An agro-processor, Yaw Adu Poku, says the “seeming” glut in rice produced locally is mainly because financial institutions have shut their doors to the sector.

“So we are finding it difficult to go to the farmer and pick from the farm gate,” he said.

Speaking Saturday on Newsfile on JoyNews TV and Joy FM, Mr. Adu Poku explained that, the rice glut which is not being felt on the Ghanaian market is due to the inability of the agro-processors to raise funds to buy the rice from the farmers.

According to him, all attempts to get financial institutions to facilitate their activities have proven futile.

“I have been in Accra for the last couple of weeks…walking from bank to bank and the result is zero. So this is why you see the hue and cry,” he told the host of the programme, Samson Lardy Anyenini.

Though some farmers are willing to give their harvested rice to the agro-processors on credit to save the paddy from the dry Harmattan season, Mr. Adu Poku says agro-processors are unable to take advantage of the situation because the logistics are not on credit.

“In fact, as I sit here, a lot of farmers have been calling me to come and take their paddy…this is because the Harmattan is just about to begin and rice is a sensitive crop, unlike other cereals. When the Harmattan comes in, the price goes down because the moisture level in the paddy dries up completely,” he explained.
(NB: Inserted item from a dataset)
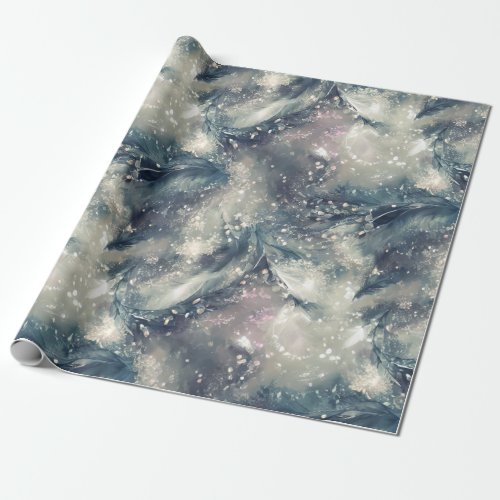 Elegant Storm of Gray Beads Feathers and Light Wrapping Paper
He added that “The farmer does not want the paddy to be sitting on his hands and we are finding it difficult to raise funds to go and buy from the farmer, so they are even willing to give us credit, but the logistics will not take credit.”

As a result, “most of the milling establishments are not working.”
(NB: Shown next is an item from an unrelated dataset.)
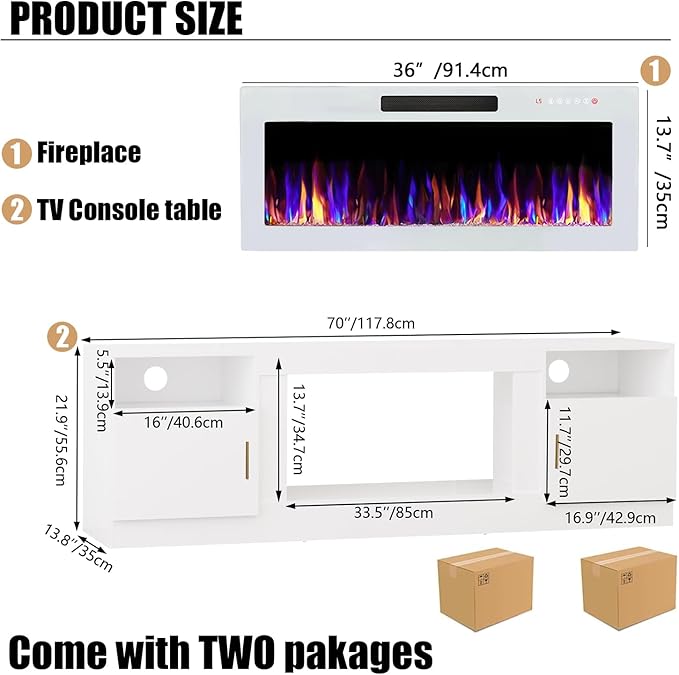 VITESSE TV Stand Fireplace with 36" inch Electric Fireplace Up to 80" TVs, LED Light Entertainment Center, 70" Modern Wood High Gloss with Highlight Storage Cabinet for Living Room (White)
He, therefore, suggested an approach to finance agro-processors and aggregators in order to take the stress off the farmers.

This week, the National Food Buffer Stock Limited said that it aims to remove the 60,000 maxi bags of excess rice grains left in the open at the Fumbisi Rice Valley in the Busila South District of the Upper East region.
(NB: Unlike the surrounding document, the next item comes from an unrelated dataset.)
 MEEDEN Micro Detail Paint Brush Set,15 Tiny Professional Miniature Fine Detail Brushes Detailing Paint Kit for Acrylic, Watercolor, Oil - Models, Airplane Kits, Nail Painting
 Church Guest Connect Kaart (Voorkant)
Chief executive Officer of the Stock, Hanan Abdul-Wahab, said by the end of the month the rice bags will be put on the market for sale.

He attributed this years’ excess yield to improved seeds that were given to farmers rather than the traditional seeds.

He highlighted though “that a greater yield was expected and that’s why the One District One Factory (1D1F) policy was introduced to curb the anticipated challenge.”

However, there is still a significant lack of storage warehouses in the country and rice farmers are worried that their harvest will go to waste.